Standard outdoor backpacks don’t have the padding and protection to prevent lenses and camera bodies from getting damaged. Entry-level camera bags or those sold in DSLR camera kits can be hard on your back and shoulders, especially if you spend time on the trail. Do some research on camera bags for landscape and professional wildlife photographers. These people are experts on selecting something that is engineered to be both comfortable and protective.
Does filter material matter?
One final note about filters: the material your filter is made out of matters. At this time, filters are manufactured from glass, plastic, resin, and polycarbonate materials. The largest differences in the filter materials are price and durability. Plastic and resin filters are cheaper than glass or polycarbonate filters. They are also fairly durable. Glass filters produce the highest quality images, but tend to easily scratch and break. Polycarbonate can be a good alternative in that they produce high-quality images but do not end have the same break-ability or scratching issues.
What is a close-up filter?
Another popular camera filter you may encounter is a close-up filter. While not suited for landscape photography, close-up filters or close-up lenses attach to a standard lens in the same way, but are used for macro photography. Close-up filters can be thought of in the same way as reading glasses, providing a slightly greater amount of focus and magnification than a standard lens. Unfortunately, close-up filters also impact the image quality, often times limiting the usefulness of the filters. Most photographers that do a lot of macro level photography opt to purchase a true macro lens.
What is the best natural lighting for landscape photography?
While filters can change the quality of the lighting outdoors, experienced photographers find that there some times of day are better than others for taking landscape photography.

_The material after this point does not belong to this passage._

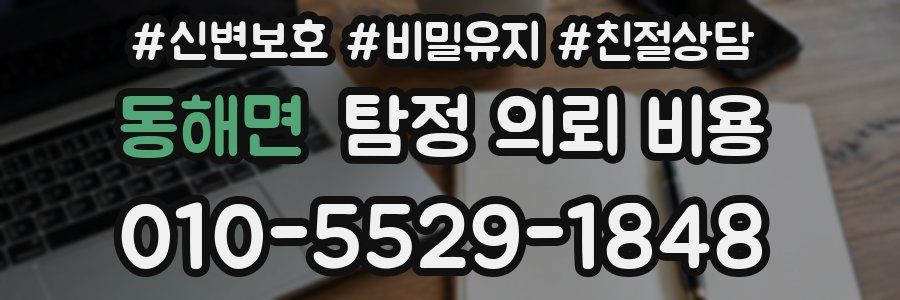 동해면 탐정 의뢰 비용
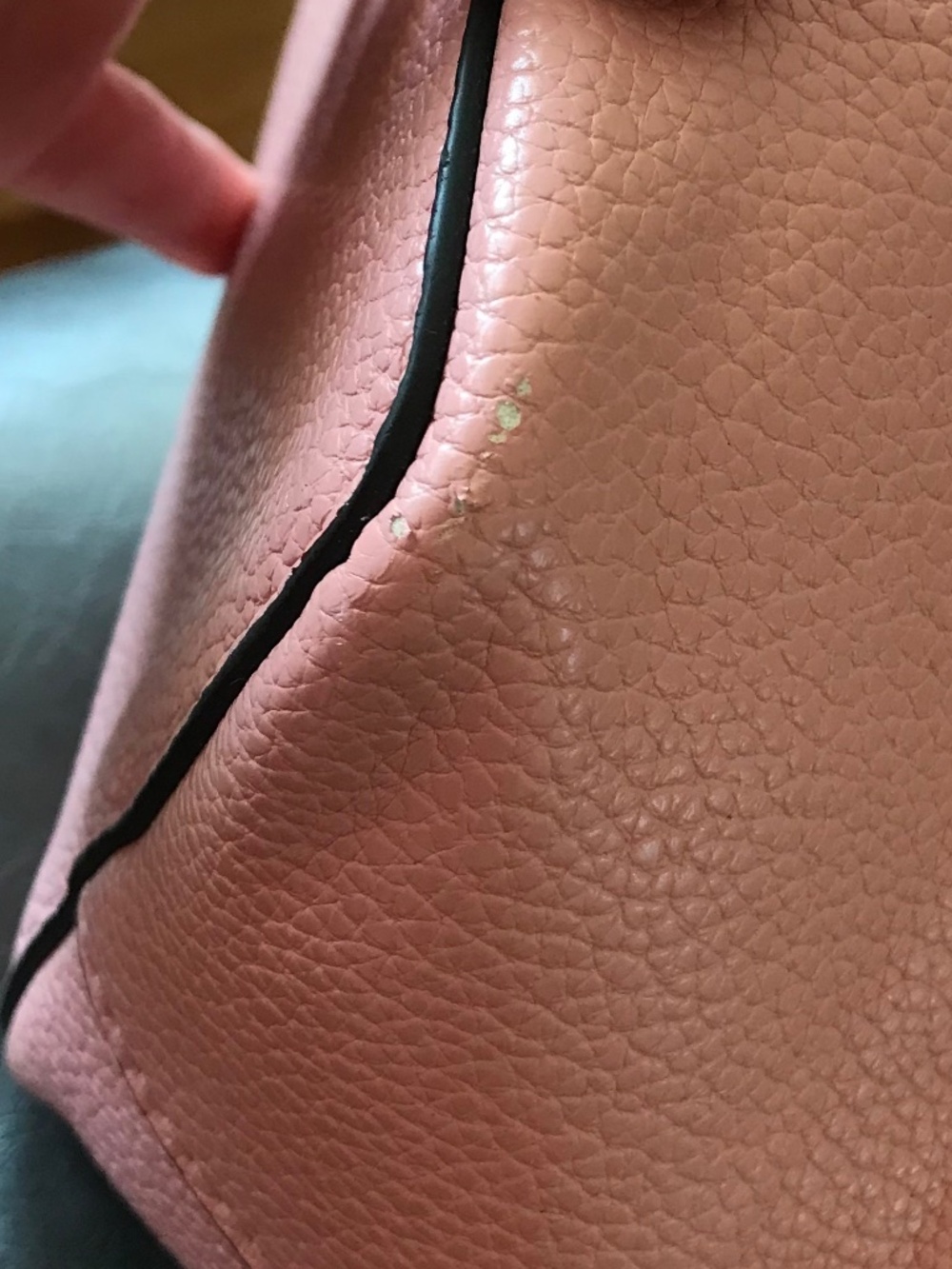 COQUETTE 🔥 TORY BURCH SOFT PINK LEATHER LARGE TOTE - Picture 8 of 16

Called the “golden hour” it’s best to shoot landscapes in the few hours right after sunrise or the few hours right before sunset. The golden hour is best for shooting because the sun is lower in the sky and tends to be softer. Unfortunately, those are not always the best hours for photographers. That’s where filters can help modify the light to still produce quality images.
What is the best ISO for landscape photography?
ISO settings on your camera determine how sensitive the camera is to the available light. The higher the ISO (3200 and above), the more sensitive the camera will be to the available light and subsequently, the shorter the shutter speed needed. When shooting landscapes, the subjects are not typically moving so there’s less reason to have a high shutter speed (and subsequently a high ISO setting). In general, the best landscape photos are set at the base ISO of 100-200. If you continue to add ISO when it’s not necessary, the greater the likelihood of adding noise to your photos.